• ACTIVITY: The result should be the full listing copied exactly, with no pictures in it.

• SOURCE DATA:
_ _ _ _ _ _ _
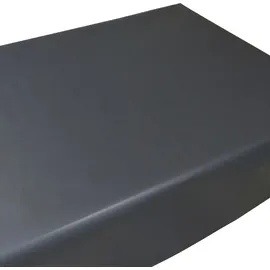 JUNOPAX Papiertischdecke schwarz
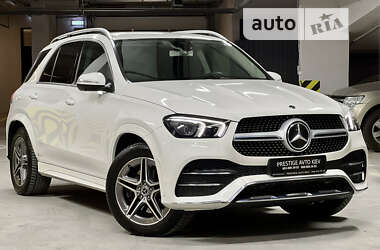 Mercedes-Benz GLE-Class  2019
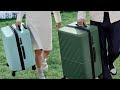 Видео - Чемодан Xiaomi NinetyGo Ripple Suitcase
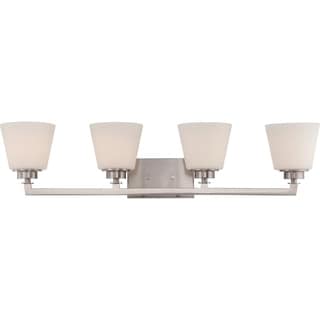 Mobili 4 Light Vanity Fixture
_ _ _ _ _ _ _
• WRITTEN ANSWER:
 JUNOPAX Papiertischdecke schwarz
 Mercedes-Benz GLE-Class  2019
 Видео - Чемодан Xiaomi NinetyGo Ripple Suitcase
 Mobili 4 Light Vanity Fixture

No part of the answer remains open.